War, in fact, distant but omnipresent, became the despair of several generations. When a “young man” (the official term) reached 21 years old, he was put in a barracks and trained to kill. Then sent with 120 more to an inhospitable place where, they said, had the mission to defend Western Civilization against communism and the ungrateful black people, who were not duly grateful to be exploited by the colonists and wanted to be independent. These principles, like all the others, were debatable; but it was a betrayal to discuss them. For the disaffected and refractory, there were disciplinary battalions, sent to the worst places, where the climate and the enemy were relentless. The boys' conversations invariably went around this equation: facing the war, fleeing the country and never coming back. Running away had to be without documents, because the passport could not be obtained from the age of 18, already in preparation for the slaughterhouse. War became an obsession that conditioned lives and careers. Stay or run? Get married, before or after? The troop was about three years old, two of them in the colonies. Anyone who escaped, for military technical reasons (good score in the recruit, for example), was called again for a second round of two years.

And the freedom to create, to write, to paint, to dance, to act?

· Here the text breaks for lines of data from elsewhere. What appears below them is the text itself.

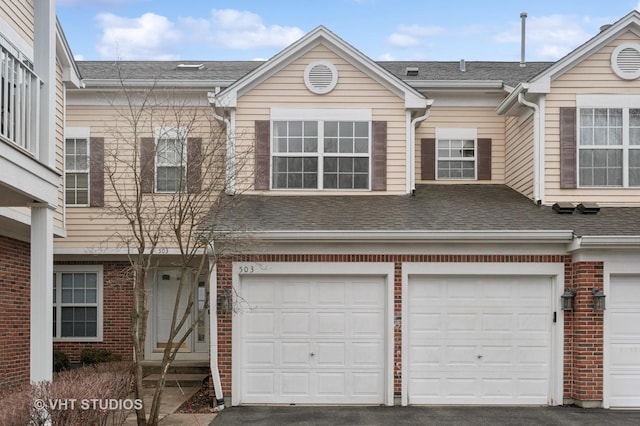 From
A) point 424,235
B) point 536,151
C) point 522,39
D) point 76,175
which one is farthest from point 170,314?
point 522,39

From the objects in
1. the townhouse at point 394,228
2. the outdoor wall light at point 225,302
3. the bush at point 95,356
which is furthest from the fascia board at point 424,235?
the bush at point 95,356

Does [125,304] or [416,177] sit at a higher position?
[416,177]

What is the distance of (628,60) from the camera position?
558 inches

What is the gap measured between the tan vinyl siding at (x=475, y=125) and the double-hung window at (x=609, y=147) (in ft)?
7.67

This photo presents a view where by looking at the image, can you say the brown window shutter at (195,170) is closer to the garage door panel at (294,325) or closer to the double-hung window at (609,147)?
the garage door panel at (294,325)

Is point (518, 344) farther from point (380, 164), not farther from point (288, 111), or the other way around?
point (288, 111)

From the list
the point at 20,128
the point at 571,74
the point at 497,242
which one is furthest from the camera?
the point at 571,74

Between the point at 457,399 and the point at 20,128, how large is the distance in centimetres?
829

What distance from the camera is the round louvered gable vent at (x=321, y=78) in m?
14.8

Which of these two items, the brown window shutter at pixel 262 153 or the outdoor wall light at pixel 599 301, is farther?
the brown window shutter at pixel 262 153

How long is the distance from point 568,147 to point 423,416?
625cm

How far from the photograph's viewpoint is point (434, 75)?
56.3ft

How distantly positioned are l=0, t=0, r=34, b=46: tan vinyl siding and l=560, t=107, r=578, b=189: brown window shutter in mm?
10067

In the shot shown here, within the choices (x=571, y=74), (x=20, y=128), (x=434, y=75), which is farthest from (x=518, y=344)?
(x=20, y=128) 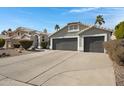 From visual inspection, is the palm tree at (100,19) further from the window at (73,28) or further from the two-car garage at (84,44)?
the two-car garage at (84,44)

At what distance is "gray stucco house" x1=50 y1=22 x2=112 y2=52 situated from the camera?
57.4 ft

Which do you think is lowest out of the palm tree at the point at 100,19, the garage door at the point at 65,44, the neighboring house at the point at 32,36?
the garage door at the point at 65,44

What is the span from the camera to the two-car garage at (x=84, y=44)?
57.3 feet

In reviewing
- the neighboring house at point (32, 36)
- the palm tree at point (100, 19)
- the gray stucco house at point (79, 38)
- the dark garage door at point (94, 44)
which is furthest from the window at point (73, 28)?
the palm tree at point (100, 19)

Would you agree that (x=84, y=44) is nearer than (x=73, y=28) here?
Yes

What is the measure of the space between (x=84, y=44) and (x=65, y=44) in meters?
3.11

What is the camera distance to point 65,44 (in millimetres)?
20672

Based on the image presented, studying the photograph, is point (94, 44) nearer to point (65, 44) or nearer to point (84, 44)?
point (84, 44)

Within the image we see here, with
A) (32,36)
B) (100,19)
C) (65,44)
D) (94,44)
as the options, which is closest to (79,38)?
(94,44)

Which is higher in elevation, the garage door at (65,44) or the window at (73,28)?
the window at (73,28)

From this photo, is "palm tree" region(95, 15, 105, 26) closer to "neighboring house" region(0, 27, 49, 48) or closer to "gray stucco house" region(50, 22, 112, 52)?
"gray stucco house" region(50, 22, 112, 52)

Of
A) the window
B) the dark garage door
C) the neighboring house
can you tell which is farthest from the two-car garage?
the neighboring house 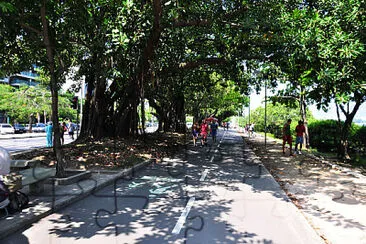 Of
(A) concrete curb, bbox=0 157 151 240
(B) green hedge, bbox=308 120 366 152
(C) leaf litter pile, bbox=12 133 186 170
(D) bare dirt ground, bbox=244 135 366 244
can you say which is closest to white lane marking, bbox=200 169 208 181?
(D) bare dirt ground, bbox=244 135 366 244

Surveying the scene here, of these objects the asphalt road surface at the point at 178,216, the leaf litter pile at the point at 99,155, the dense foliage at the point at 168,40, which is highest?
the dense foliage at the point at 168,40

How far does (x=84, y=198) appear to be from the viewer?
6512 mm

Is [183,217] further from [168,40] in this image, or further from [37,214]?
[168,40]

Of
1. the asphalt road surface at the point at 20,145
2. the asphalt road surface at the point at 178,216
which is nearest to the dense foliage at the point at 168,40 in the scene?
the asphalt road surface at the point at 178,216

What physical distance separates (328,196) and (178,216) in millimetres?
3591

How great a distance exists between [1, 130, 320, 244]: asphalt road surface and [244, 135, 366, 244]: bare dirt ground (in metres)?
0.30

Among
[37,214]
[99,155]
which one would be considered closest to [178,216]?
[37,214]

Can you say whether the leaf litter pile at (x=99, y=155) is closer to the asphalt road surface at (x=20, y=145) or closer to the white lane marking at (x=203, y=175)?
the white lane marking at (x=203, y=175)

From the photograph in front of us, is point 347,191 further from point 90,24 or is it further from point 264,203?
point 90,24

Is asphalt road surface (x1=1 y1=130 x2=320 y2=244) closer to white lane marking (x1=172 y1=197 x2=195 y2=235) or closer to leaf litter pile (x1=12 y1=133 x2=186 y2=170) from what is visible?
A: white lane marking (x1=172 y1=197 x2=195 y2=235)

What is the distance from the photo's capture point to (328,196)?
22.1 ft

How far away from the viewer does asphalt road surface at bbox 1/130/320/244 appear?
4.39 metres

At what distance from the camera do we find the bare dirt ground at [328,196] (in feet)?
15.5

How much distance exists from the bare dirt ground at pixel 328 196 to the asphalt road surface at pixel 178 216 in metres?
0.30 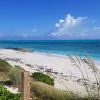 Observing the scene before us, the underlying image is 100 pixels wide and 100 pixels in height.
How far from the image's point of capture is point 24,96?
4.78 meters

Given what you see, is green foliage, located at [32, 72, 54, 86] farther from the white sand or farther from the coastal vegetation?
the white sand

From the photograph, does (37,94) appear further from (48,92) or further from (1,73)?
(1,73)

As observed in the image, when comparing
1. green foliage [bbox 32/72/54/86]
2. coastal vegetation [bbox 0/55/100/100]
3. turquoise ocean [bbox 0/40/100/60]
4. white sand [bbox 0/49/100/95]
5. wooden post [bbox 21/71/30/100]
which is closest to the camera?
wooden post [bbox 21/71/30/100]

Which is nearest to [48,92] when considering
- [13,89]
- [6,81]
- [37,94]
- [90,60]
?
[37,94]

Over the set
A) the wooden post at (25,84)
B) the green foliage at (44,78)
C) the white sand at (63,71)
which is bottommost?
the white sand at (63,71)

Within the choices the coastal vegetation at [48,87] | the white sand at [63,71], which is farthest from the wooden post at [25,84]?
the white sand at [63,71]

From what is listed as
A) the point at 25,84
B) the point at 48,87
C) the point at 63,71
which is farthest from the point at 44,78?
the point at 63,71

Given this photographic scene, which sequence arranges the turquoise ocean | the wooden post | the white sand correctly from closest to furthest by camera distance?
the wooden post → the turquoise ocean → the white sand

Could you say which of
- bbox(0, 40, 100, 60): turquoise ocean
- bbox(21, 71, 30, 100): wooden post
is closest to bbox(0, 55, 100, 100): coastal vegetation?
bbox(0, 40, 100, 60): turquoise ocean

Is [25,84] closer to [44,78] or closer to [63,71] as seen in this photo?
[44,78]

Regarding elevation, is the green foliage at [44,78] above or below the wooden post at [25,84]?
below

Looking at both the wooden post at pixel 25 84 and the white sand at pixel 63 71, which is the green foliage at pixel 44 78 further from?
the wooden post at pixel 25 84

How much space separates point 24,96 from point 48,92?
5086mm

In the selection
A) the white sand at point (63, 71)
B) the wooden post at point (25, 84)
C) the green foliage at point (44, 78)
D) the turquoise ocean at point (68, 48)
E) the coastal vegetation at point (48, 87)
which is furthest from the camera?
the white sand at point (63, 71) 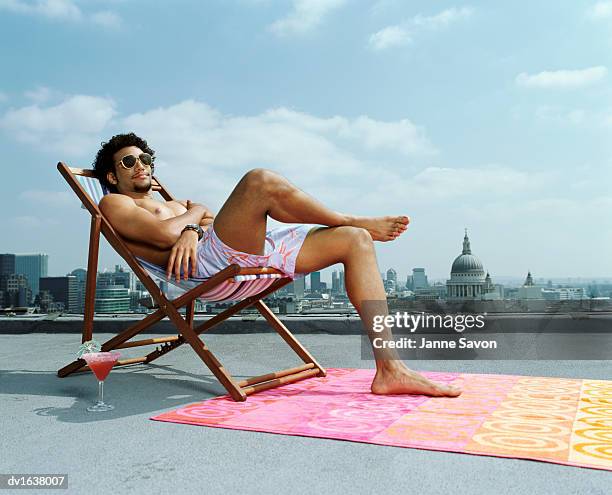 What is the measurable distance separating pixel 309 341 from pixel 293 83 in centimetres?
294

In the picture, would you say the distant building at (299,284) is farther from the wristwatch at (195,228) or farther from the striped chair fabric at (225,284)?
the wristwatch at (195,228)

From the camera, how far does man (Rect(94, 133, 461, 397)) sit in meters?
2.24

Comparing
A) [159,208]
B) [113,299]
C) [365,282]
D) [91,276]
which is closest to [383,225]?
[365,282]

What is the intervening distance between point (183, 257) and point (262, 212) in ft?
1.41

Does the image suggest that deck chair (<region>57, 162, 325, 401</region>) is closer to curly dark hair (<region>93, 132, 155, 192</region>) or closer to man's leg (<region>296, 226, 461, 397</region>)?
curly dark hair (<region>93, 132, 155, 192</region>)

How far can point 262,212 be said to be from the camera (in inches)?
89.1

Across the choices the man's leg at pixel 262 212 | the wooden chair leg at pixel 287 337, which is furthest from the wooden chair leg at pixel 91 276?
the wooden chair leg at pixel 287 337

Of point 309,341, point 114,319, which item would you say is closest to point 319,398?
point 309,341

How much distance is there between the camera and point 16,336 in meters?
5.20

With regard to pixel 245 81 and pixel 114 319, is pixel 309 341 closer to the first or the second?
pixel 114 319

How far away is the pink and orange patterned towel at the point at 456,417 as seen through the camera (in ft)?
4.94

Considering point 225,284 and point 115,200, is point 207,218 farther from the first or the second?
point 225,284

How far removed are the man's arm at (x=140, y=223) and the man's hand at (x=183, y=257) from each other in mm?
85

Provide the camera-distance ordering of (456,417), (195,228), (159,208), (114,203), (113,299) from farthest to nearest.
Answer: (113,299) < (159,208) < (114,203) < (195,228) < (456,417) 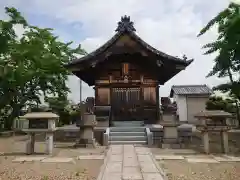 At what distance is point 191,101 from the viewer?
101 ft

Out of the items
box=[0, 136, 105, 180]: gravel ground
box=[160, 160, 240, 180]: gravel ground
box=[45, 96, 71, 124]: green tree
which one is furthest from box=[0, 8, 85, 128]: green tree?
box=[160, 160, 240, 180]: gravel ground

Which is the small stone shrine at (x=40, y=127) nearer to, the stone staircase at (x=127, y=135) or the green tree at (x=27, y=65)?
the stone staircase at (x=127, y=135)

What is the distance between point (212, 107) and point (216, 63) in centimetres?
735

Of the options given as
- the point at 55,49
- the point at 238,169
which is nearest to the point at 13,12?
the point at 55,49

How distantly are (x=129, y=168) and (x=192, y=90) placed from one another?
26862 mm

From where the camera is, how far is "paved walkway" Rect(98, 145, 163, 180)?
5.52m

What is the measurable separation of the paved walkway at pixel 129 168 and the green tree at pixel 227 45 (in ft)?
25.4

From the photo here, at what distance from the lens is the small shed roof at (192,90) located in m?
30.3

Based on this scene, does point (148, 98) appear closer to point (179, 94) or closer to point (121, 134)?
point (121, 134)

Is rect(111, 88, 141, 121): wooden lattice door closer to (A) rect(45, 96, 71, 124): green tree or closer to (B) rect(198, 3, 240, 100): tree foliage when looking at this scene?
(B) rect(198, 3, 240, 100): tree foliage

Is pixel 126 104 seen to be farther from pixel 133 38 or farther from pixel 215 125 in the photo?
pixel 215 125

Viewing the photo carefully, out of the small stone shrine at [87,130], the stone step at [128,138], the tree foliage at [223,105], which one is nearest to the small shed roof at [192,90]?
the tree foliage at [223,105]

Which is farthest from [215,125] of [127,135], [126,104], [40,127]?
[126,104]

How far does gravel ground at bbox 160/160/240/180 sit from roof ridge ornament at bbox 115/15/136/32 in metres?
10.1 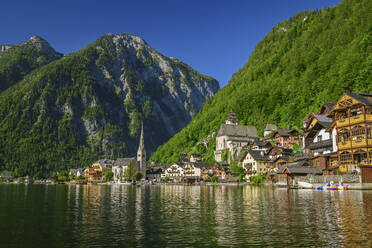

All cultural activities were controlled, and this control had been going on for such a long time that it violated the will to create. The proof: at the Writers' Congress, which took place after the Revolution, where the greatest names of literature were invited to participate, everyone recognized that they had no banned books in the drawer, because the impossibility of publishing them had prevented them from writing them in the first place. Book publishing was strictly controlled - not previously, as with the press, but after being in bookstores. When a publisher came out with a book the government didn't like, it was apprehended by the police, which represented a huge monetary loss. Which means publishers preferred not to risk it, and those who risked paid for it dearly. The story of a conversation by César Moreira Baptista, Minister of the Interior (today, Internal Administration), who controlled the Censorship is famous. He said to Snu Abcassis, owner of Dom Quixote publisher: “If you publish another book by Maria Isabel Velho da Costa, even if it is a cookbook, I will tear this place apart.” However, some writers have managed to break through the siege. They used allegories, fables, ways of saying without actually saying it. But José Cardoso Pires, honor be done to him, hid nothing. No one like him described the climate of those grey years. The Delfim, and Balada da Praia dos Cão are indispensable books to better appreciate what we have now.

It is painful to remember these times. A cloak of stupid stubbornness covered the country. The official speech that covered all areas of thought required everyone to see things in the same way. The issue was not whether or not it was right; one could not doubt, much less criticize, the constraints that conditioned daily life and the perception of the world. Was there hope for change? No, there was not much hope. The system looked trapped over us and no movement, national or international, indicated that the light on the horizon could approach. Then there is a psychological phenomenon that is difficult to explain, but very concrete. The authoritarianism of the State stimulated the authoritarianism of all institutions, from companies, to schools, to families. The bosses were bossy, teachers were unyielding, the parents were castrating. You couldn't do this, you couldn't do that. There was no dialogue on subjects that could not be talked about. Everything was decided, everything was resolved, with no room for breaking ground, thinking outside the box. Rebelliousness, madness, opprobrium. Today, we complain that young people are irreverent, artists are provocative and that people, in general, are always swimming against the tide. It’s true. But this diversity, which includes “good” and “bad” is the outcome of freedom - of all the freedoms we have. Better, much better, than living in that Dark Age.